We laughed it off. Oneal was used to me being like that, especially when I had PMS. He was used to seeing me cry at TV commercials, or movies, or our TV shows. But we weren’t prepared for all the ways that would manifest!
Obviously I was in tears when we went for our first ultrasound, back in April. That wasn’t unexpected at all.
Perhaps the first time the hormones really struck was a few weeks later. We were in UP Town Center, waiting for my mom and my brother. We were going to UP for a picnic with some friends. Oneal and I had lunch, and we roamed around the mall.
We saw a toy store, and of course we had to step inside! We even ran into some friends. After they left, we poked around, and I wandered into the aisle with all the stuffed toys. There, sitting on top of the shelf, was Mr. Snuffleupagus.
I picked him up, hugged him, and started crying. Oneal saw me, and started laughing. “Why are you crying?”
“I don’t know!” I wept. “He’s not even my favorite Sesame Street character!” I held Snuffy close, and tears streamed down my face. “We have to bring him home.

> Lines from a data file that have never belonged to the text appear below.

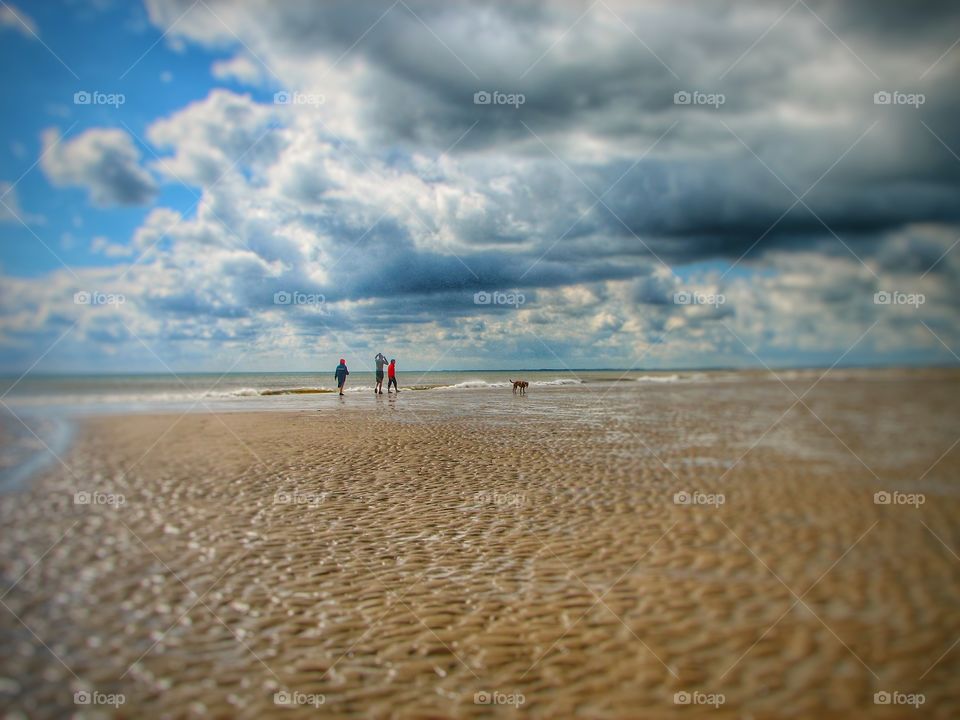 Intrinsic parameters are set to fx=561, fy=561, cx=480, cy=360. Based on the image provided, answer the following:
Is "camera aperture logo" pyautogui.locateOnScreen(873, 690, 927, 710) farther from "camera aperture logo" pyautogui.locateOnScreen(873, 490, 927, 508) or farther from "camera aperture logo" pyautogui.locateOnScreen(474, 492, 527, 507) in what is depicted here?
"camera aperture logo" pyautogui.locateOnScreen(873, 490, 927, 508)

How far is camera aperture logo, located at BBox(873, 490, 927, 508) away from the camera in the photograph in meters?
11.7

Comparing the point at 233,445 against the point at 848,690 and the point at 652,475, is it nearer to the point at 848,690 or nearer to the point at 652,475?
the point at 652,475

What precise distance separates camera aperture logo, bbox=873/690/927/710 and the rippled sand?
69 mm

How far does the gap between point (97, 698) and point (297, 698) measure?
1.72 m

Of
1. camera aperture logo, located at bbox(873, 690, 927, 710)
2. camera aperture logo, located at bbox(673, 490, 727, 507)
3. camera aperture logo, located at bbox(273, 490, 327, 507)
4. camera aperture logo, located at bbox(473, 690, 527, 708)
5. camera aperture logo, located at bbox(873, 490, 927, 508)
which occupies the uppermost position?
camera aperture logo, located at bbox(273, 490, 327, 507)

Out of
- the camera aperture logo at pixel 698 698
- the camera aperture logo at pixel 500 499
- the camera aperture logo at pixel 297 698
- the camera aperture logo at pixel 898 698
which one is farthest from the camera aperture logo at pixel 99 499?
the camera aperture logo at pixel 898 698

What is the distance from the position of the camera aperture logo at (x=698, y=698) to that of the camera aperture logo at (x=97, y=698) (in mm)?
4918

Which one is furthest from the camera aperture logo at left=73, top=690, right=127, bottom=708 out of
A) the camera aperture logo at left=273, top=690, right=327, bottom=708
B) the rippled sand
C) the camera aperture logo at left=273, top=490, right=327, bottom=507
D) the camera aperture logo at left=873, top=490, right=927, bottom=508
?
the camera aperture logo at left=873, top=490, right=927, bottom=508

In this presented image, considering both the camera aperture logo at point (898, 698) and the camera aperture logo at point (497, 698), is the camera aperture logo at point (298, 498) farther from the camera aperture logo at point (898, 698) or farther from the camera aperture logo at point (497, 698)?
the camera aperture logo at point (898, 698)

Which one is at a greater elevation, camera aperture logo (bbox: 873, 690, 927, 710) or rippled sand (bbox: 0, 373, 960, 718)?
rippled sand (bbox: 0, 373, 960, 718)

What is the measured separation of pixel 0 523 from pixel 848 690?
12419 millimetres

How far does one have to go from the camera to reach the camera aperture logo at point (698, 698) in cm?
510

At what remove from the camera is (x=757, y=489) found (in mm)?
12523

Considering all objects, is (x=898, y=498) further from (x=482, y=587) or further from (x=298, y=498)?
(x=298, y=498) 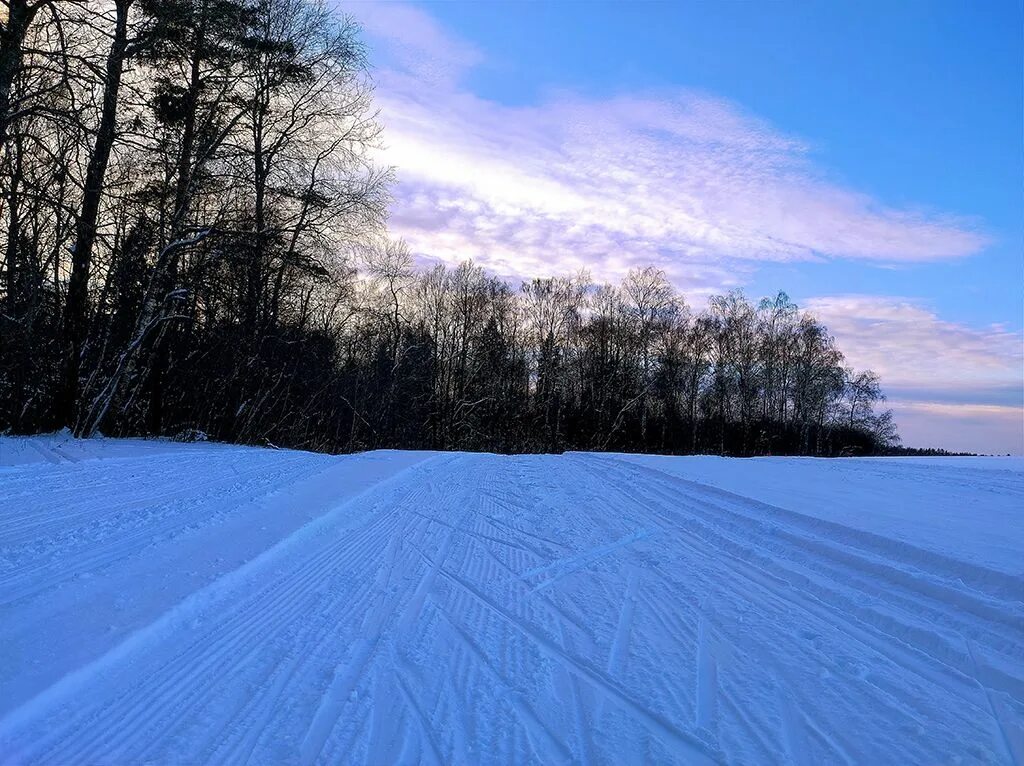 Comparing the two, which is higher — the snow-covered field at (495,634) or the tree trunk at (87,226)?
the tree trunk at (87,226)

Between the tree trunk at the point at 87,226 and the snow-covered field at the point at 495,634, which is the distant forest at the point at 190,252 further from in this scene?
the snow-covered field at the point at 495,634

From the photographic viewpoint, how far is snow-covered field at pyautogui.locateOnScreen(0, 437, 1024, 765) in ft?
8.52

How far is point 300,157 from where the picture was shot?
2117 cm

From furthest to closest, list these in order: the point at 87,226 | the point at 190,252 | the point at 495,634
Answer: the point at 190,252 → the point at 87,226 → the point at 495,634

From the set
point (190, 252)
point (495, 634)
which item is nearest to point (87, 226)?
point (190, 252)

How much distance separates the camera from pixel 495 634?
373 cm

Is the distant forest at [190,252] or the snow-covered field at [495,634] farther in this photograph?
the distant forest at [190,252]

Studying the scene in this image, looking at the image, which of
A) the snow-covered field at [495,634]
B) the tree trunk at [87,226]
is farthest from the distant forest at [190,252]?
the snow-covered field at [495,634]

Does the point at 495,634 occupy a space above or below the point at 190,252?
below

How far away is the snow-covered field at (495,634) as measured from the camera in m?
2.60

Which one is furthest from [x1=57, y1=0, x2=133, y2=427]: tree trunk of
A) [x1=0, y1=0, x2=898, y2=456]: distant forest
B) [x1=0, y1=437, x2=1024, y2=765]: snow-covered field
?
[x1=0, y1=437, x2=1024, y2=765]: snow-covered field

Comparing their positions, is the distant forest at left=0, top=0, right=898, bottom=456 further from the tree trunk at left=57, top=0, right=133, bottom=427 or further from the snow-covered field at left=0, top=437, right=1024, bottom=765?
the snow-covered field at left=0, top=437, right=1024, bottom=765

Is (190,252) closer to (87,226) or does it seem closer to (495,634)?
(87,226)

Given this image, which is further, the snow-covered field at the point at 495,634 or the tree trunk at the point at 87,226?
the tree trunk at the point at 87,226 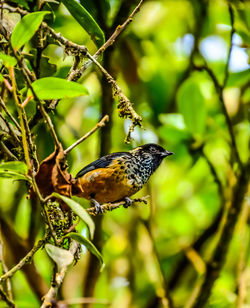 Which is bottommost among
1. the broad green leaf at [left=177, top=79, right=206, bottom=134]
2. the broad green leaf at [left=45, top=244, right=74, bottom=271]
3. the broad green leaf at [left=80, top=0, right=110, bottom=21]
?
the broad green leaf at [left=177, top=79, right=206, bottom=134]

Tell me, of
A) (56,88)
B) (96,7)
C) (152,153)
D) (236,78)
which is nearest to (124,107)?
(56,88)

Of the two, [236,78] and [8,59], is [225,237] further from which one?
[8,59]

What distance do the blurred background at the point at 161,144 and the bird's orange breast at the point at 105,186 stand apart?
13 centimetres

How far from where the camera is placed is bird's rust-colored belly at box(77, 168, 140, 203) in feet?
9.15

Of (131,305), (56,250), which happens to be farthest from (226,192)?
(56,250)

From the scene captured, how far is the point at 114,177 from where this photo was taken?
9.47 ft

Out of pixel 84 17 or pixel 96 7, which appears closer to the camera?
pixel 84 17

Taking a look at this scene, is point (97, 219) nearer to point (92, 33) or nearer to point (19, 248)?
point (19, 248)

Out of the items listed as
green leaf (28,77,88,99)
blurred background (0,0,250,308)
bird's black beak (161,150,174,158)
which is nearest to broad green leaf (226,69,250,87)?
blurred background (0,0,250,308)

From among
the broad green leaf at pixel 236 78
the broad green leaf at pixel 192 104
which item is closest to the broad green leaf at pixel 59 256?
the broad green leaf at pixel 192 104

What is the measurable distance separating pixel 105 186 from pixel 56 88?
1474mm

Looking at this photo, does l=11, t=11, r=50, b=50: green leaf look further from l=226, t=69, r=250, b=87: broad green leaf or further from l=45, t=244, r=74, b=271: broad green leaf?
l=226, t=69, r=250, b=87: broad green leaf

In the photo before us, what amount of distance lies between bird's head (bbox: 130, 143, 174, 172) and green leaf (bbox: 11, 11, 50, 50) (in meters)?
1.89

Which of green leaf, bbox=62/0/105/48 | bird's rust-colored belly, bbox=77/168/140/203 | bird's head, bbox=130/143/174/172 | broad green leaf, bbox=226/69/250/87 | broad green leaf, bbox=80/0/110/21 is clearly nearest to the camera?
green leaf, bbox=62/0/105/48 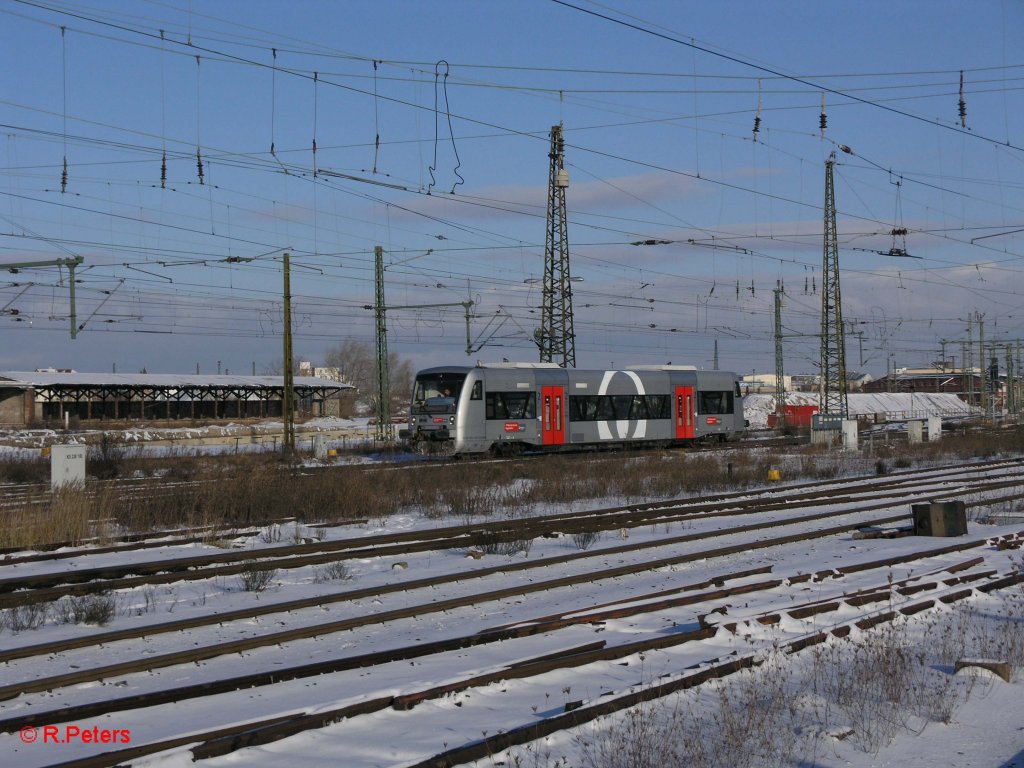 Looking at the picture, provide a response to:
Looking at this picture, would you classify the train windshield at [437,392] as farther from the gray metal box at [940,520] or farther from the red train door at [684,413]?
the gray metal box at [940,520]

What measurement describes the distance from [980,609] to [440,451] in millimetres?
23777

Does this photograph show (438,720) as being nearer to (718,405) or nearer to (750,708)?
(750,708)

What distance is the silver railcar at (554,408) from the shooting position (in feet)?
111

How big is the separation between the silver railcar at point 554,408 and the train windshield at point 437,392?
0.03 meters

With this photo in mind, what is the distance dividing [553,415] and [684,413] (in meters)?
7.17

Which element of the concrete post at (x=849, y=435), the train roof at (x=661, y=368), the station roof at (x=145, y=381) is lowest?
the concrete post at (x=849, y=435)

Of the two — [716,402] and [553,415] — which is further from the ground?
[716,402]

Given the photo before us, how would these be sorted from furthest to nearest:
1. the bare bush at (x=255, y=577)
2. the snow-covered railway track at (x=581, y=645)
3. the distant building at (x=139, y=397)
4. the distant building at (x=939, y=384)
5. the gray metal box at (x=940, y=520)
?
the distant building at (x=939, y=384)
the distant building at (x=139, y=397)
the gray metal box at (x=940, y=520)
the bare bush at (x=255, y=577)
the snow-covered railway track at (x=581, y=645)

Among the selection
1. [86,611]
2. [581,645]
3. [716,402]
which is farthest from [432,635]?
[716,402]

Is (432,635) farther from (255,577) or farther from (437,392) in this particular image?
(437,392)

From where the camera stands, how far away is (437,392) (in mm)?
33938

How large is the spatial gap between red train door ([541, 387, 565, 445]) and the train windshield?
131 inches

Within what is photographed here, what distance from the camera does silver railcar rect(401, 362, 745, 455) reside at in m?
33.7

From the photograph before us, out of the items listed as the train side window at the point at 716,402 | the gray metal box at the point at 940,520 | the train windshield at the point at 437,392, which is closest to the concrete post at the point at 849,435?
the train side window at the point at 716,402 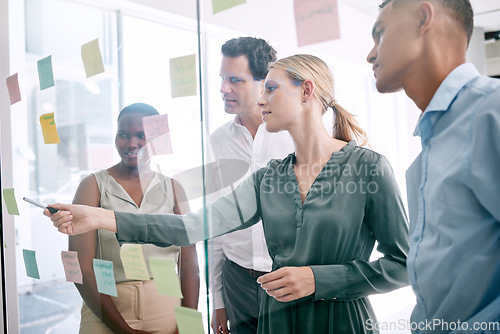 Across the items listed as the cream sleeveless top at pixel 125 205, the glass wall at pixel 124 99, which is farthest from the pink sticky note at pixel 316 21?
the cream sleeveless top at pixel 125 205

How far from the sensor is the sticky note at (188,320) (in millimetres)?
1071

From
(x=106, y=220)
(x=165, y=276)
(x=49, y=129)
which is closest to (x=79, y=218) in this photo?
(x=106, y=220)

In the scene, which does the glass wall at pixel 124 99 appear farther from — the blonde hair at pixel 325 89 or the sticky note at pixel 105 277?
the sticky note at pixel 105 277

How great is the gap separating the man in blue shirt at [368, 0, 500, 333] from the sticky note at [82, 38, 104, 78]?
974 millimetres

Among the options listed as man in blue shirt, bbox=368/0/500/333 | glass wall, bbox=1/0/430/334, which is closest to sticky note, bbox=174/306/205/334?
glass wall, bbox=1/0/430/334

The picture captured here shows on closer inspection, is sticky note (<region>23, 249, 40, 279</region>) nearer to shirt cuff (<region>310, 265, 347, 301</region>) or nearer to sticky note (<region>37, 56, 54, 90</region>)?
sticky note (<region>37, 56, 54, 90</region>)

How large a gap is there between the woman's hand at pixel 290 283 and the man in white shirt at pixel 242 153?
0.19 feet

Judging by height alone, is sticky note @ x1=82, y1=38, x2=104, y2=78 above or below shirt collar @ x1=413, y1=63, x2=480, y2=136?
above

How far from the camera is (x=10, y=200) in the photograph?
171cm

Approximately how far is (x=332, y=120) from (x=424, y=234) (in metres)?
0.29

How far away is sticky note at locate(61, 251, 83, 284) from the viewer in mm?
1392

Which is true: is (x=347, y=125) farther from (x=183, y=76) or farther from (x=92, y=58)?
(x=92, y=58)

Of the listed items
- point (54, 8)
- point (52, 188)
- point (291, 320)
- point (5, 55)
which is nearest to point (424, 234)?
point (291, 320)

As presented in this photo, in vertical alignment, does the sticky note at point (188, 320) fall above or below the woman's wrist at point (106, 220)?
below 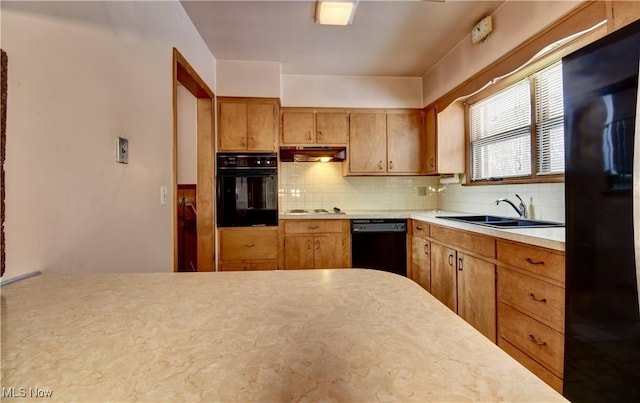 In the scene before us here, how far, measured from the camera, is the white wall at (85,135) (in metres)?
0.82

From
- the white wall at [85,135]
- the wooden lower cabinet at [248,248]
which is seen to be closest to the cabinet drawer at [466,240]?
the wooden lower cabinet at [248,248]

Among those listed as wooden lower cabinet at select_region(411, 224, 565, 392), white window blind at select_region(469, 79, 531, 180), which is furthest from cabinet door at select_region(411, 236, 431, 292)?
white window blind at select_region(469, 79, 531, 180)

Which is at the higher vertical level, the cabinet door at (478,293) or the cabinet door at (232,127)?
the cabinet door at (232,127)

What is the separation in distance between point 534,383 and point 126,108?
65.2 inches

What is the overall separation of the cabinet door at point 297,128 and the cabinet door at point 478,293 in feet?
6.55

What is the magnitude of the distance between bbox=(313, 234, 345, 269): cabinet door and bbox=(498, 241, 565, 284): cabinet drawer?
1.61m

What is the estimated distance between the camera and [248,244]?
9.93 feet

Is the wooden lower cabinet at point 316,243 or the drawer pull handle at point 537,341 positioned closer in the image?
the drawer pull handle at point 537,341

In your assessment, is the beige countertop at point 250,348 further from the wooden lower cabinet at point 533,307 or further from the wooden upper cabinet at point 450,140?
the wooden upper cabinet at point 450,140

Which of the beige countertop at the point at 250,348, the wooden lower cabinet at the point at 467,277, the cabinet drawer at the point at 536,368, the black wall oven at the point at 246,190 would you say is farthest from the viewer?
the black wall oven at the point at 246,190

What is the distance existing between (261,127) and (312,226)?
1216 mm

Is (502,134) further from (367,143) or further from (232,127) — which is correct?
(232,127)

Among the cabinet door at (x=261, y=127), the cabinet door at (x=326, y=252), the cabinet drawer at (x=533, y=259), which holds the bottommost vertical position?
the cabinet door at (x=326, y=252)

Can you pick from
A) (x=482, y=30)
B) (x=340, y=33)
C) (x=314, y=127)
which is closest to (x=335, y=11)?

Because friendship, and imagination!”
Oneal laughed, and we went to the cashier, where I paid for Snuffy and the staff offered to remove him from the packaging. Even they could tell I wasn’t putting him down! He’s been sleeping beside me since then.
I guess that makes him our child’s first stuffed animal!
A few days ago, I went to White Space on Katipunan for pre-natal yoga. Our friend Paul treated me to a private session, with Teacher Eena, which I thoroughly enjoyed. I was so happy with the exertion, the stretching, and the meditation.
Towards the end of the session, Teacher Eena positioned me in a sort of swastika on the floor. I was lying on my left side, my left arm bent downward at 90 degrees. My right arm was on a pillow beside me, bent upwards at 90 degrees. My left leg was bent at the knee, while my right was bent at the hip and the knee. I lay there peacefully, my eyes closed, and Teacher Eena’s soft and calming voice led me in meditation.
She told me to imagine a door, to visualize it, to make it look like anything I wanted. I imagined a green wooden door, perhaps a little weathered, the paint worn in parts, I imagined a brass door knob.
Then she told me to open the door, and to see my little baby inside. I imagined Lil Ass-Kicker as a little cartoon baby, hair disheveled, face lit up with a smile. I imagined laughter and play, and I felt a few tears fall to the pillow underneath my face.
“I’ll see you soon,” I told my child silently.
Songs for the Child
I was driving to the grocery yesterday, and I was listening to the radio when this song came on:
I was in high school when this was released, and I loved it then. I still knew all the words, and I sang along loudly in the solitude of Dad’s car. And as I heard the words, I thought about how these are things I’d like to tell my child. And I got a little weepy.
Later, maybe on the way home, I heard another song. I thought it was Natasha Bedingfield, but it turned out to be Selena Gomez’s “Who Says”! I wasn’t sure if I’d heard the song before, but it sounded like something from a shampoo commercial.
Then I heard the chorus a few times, and I thought about how we were going to have a perfect, beautiful child.
Who says, who says you’re not perfect?
Who says you’re not worth it?
Who says you’re the only one that’s hurtin’?
Trust me, that’s the price of beauty
Who says you’re not pretty?
Who says you’re not beautiful?
And I got really weepy. Dammit!
So yeah, I expect to get worse as my pregnancy progresses. Good thing Oneal is used to me and my insta-tears.